It’s not just the distinction between Democratic and Republican that helps decide an election in the state of Alabama. Football allegiance can play a pretty big role in the way candidates are perceived by the public. According to a story from Politico, that’s what’s happening with Jeff Sessions’ vacant U.S Senate seat.
Iron Bowl allegiances are playing a part in Alabama politics. Again.
One Alabama fan is running for the Senate, but he pissed off a rich Auburn man, and it’s making things difficult for him.


The seat is soon to be up for grabs in a special election. Luther Strange (Sessions’ appointed replacement) is one of many people entered in the race, and he’s an Alabama fan. That means that Strange, a Birmingham native, has got an interesting money hurdle to clear.
Though almost a dozen Republicans filed to run in the Republican primary and nearly that number signed up on the Democratic side, the biggest threat to Strange’s bid is a burly man whose love of Auburn football is matched only by his grudge against Strange, who draws support from University of Alabama territory.

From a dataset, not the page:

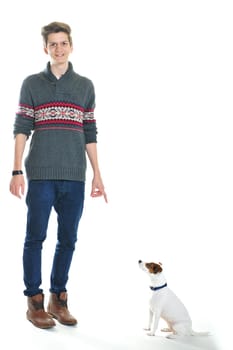 Boy raises dog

Jimmy Rane is the chairman and CEO of the Great Southern Wood Preserving lumber company, whose signature product—YellaWood pressure-treated pine—is known to homebuilders everywhere.
Costing Strange the Senate seat would be a means of payback for Rane, an Auburn board of trustees member, because the former dragged the latter into a 2016 corruption trial.

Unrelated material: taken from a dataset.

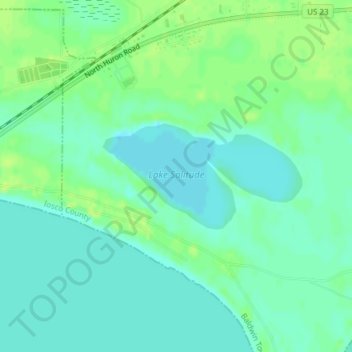 Mapa topográfico Lake Solitude, altitud, relieve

You’ve almost certainly seen Rane on a billboard, if you’re from the South or you’re familiar with his interesting marketing campaign that includes the Yella Fella.
The state’s government has been involved with the rivalry like when the teams didn’t play between 1907 and 1949 even though the legislature made repeated attempts to force them to.
In the present day, Alabama state politics has been quite the roller coaster. Three of the state’s last six governors have faced criminal charges, including the most recent one, Robert Bentley. Bentley got caught up in a sex scandal with an aide and used public funds to cover it up. Bentley resigned in disgrace from office and plead guilty to two misdemeanors.
But the race to replace Bentley also had a distinctive college football flavor when former Auburn coach Tommy Tuberville considered throwing his hat in the ring.
Public officials were found to be finessing Iron Bowl tickets for face value, and two made a bet to wear the rivals’ hat on the floor of the legislature depending on the game’s outcome. A state senator even introduced a resolution to get Auburn to claim more national championships.
Well, everybody took this in good fun, and we sent that resolution to the Rules Committee ... and that’s probably where it will stay. Some Alabama fans put it there, and I told them, “I don’t know if you want to get into the merits of that 1939 Betty Crocker National Championship, but I will tell you this. It only takes a second to change the world!”
No matter what you do, the rivalry will be interwoven in just about every part of life in Alabama.